On 3/1/20 1:33 PM, Pavel Begunkov wrote:
> On 01/03/2020 22:14, Jens Axboe wrote:
>> On 3/1/20 9:18 AM, Pavel Begunkov wrote:
>>> There are several independent parts in the patchset, but bundled
>>> to make a point.
>>> 1-2: random stuff, that implicitly used later.
>>> 3-5: restore @nxt propagation
>>> 6-8: optimise locking in io_worker_handle_work()
>>> 9: optimise io_uring refcounting
>>>
>>> The next propagation bits are done similarly as it was before, but
>>> - nxt stealing is now at top-level, but not hidden in handlers
>>> - ensure there is no with REQ_F_DONT_STEAL_NEXT
>>>
>>> [6-8] is the reason to dismiss the previous @nxt propagation appoach,
>>> I didn't found a good way to do the same. Even though it looked
>>> clearer and without new flag.
>>>
>>> Performance tested it with link-of-nops + IOSQE_ASYNC:
>>>
>>> link size: 100
>>> orig:  501 (ns per nop)
>>> 0-8:   446
>>> 0-9:   416
>>>
>>> link size: 10
>>> orig:  826
>>> 0-8:   776
>>> 0-9:   756
>>
>> This looks nice, I'll take a closer look tomorrow or later today.

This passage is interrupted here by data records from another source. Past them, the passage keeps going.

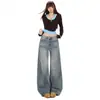 Jeans anchos para mujer color Naranja Juvenil con efecto bigote y desgastados, corte holgado, estilizan, únicos, modernos, versátiles, pantalones de largo completo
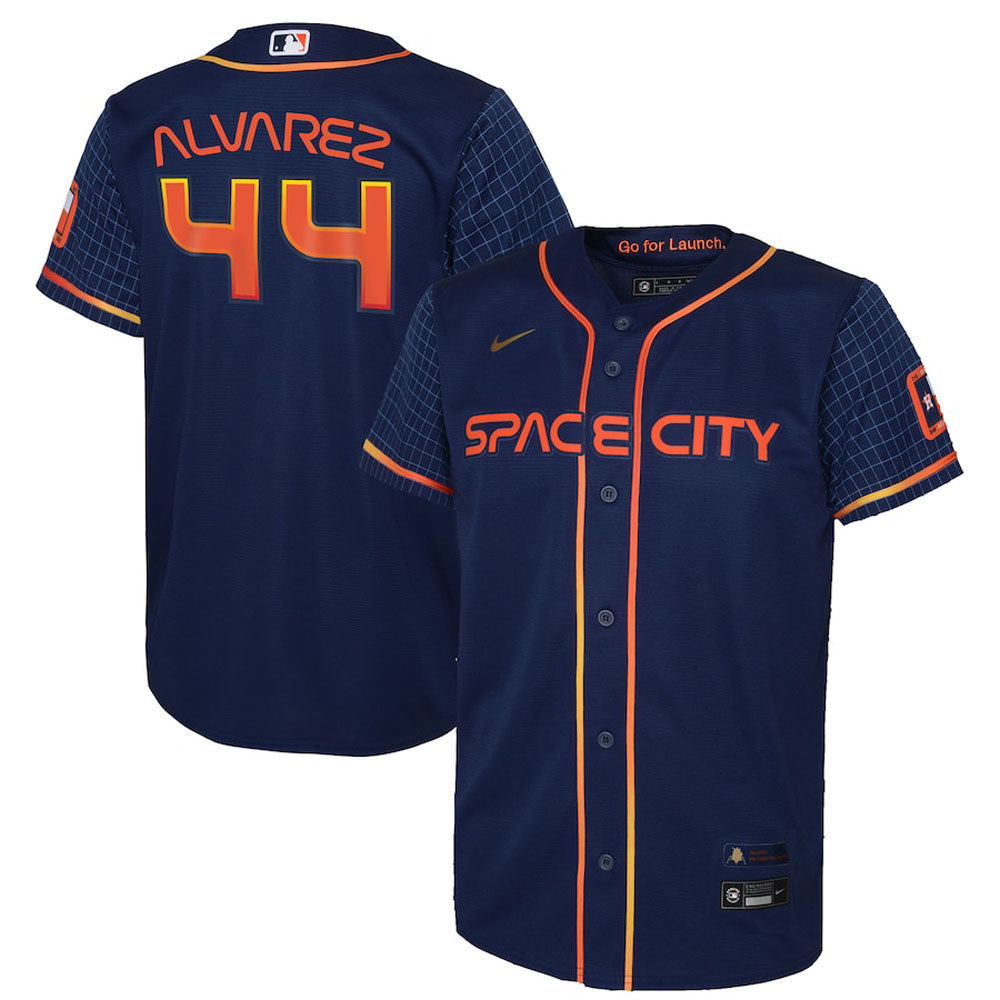 Youth Houston Astros Yordan Alvarez Space City Connect Replica Jersey - Navy - vstockx
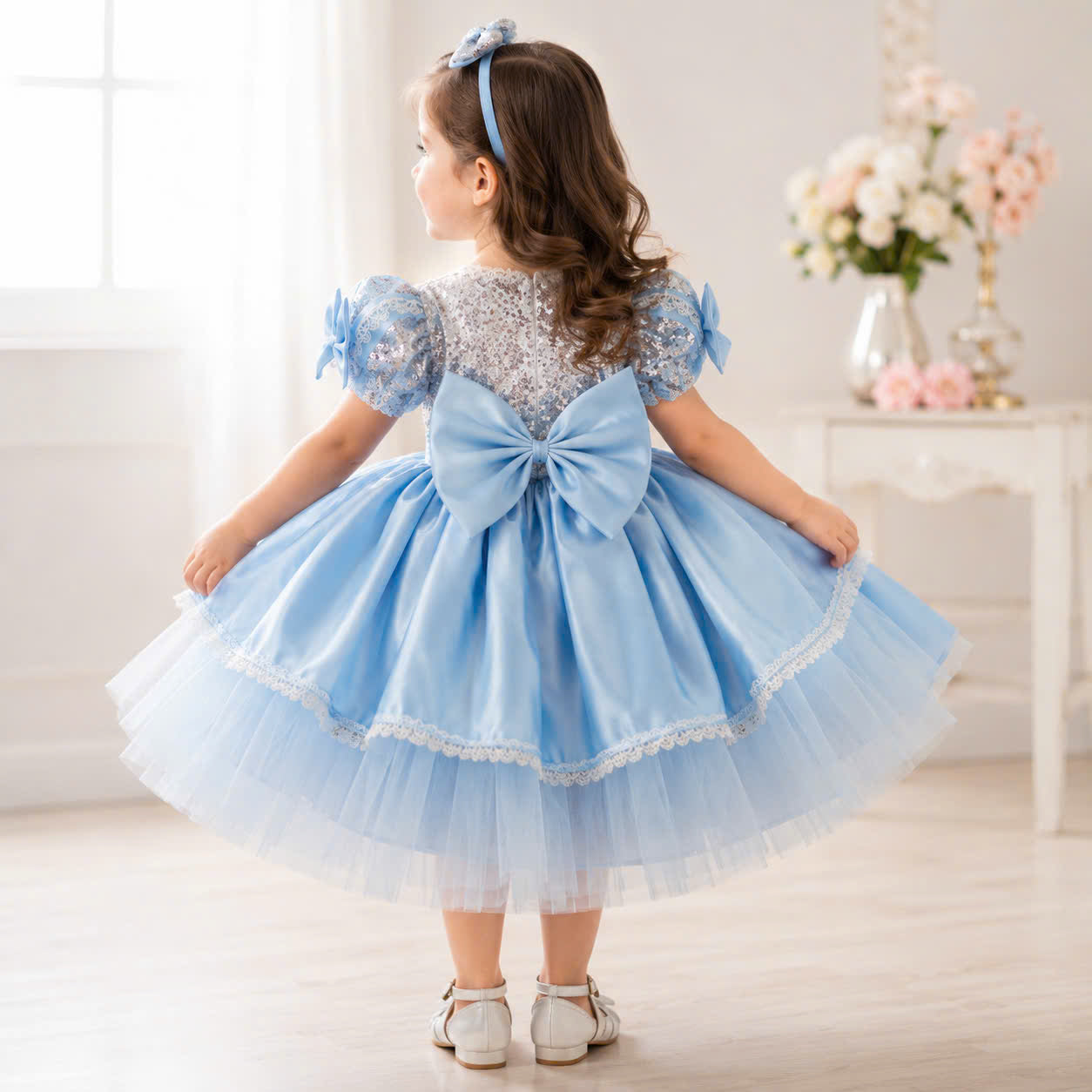 Cinderella Inspired Girl Dress 1–6Years | Blue Princess Tulle Dress | Fairytale Birthday Party Outfit | Classic Princess Dress for Girls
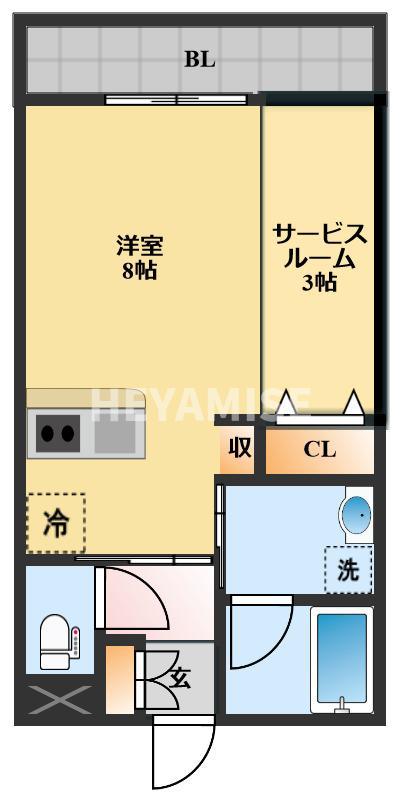 ラ・フィーネB(1SK/1階)の間取り写真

Seems
>> that at least patch 2 should go into 5.6 however, so may make sense to
>> order the series like that.
> 
> It's the first one modifying io-wq.c, so should be fine to pick from
> the middle as is.

Yep, just did.

>> BTW, Andres brought up a good point, and that's hashed file write works.
>> Generally they complete super fast (just copying into the page cache),
>> which means that that worker will be hammering the wq lock a lot. Since
>> work N+1 can't make any progress before N completes (since that's how
>> hashed work works), we should pull a bigger batch of these work items
>> instead of just one at the time. I think that'd potentially make a huge
>> difference for the performance of buffered writes.
> 
> Flashed the same thought. It should be easy enough for hashed
> requests. Though, general batching would make us to think about
> fairness, work stealing, etc.

There's only the one list anyway, so the work is doing to be processed
in order to begin with. Hence I don't think there's a lot of fairness to
be worried about here, we're just going to be processing the existing
work in the same order, but more efficiently. We should be getting both
better throughput and fairness if we remove all items hashed to the same
key for that one worker, only stopping if we encounter a non-hashed work
or work hashed to a different key. Because if we do, if any of that
hashed work ever needs to sleep, the next independent work can proceed
in a different worker.

> BTW, what's the point of hashing only heads of a link? Sounds like it
> can lead to the write-write collisions, which it tries to avoid.

Yeah, the linked items should be hashed as well, not sure why that isn't
done.

>> Just throwing it out there, since you're working in that space anyway
>> and the rewards will be much larger.
> 
> I will take a look, but not sure when, I yet have some hunches myself.

Thanks!

-- 
Jens Axboe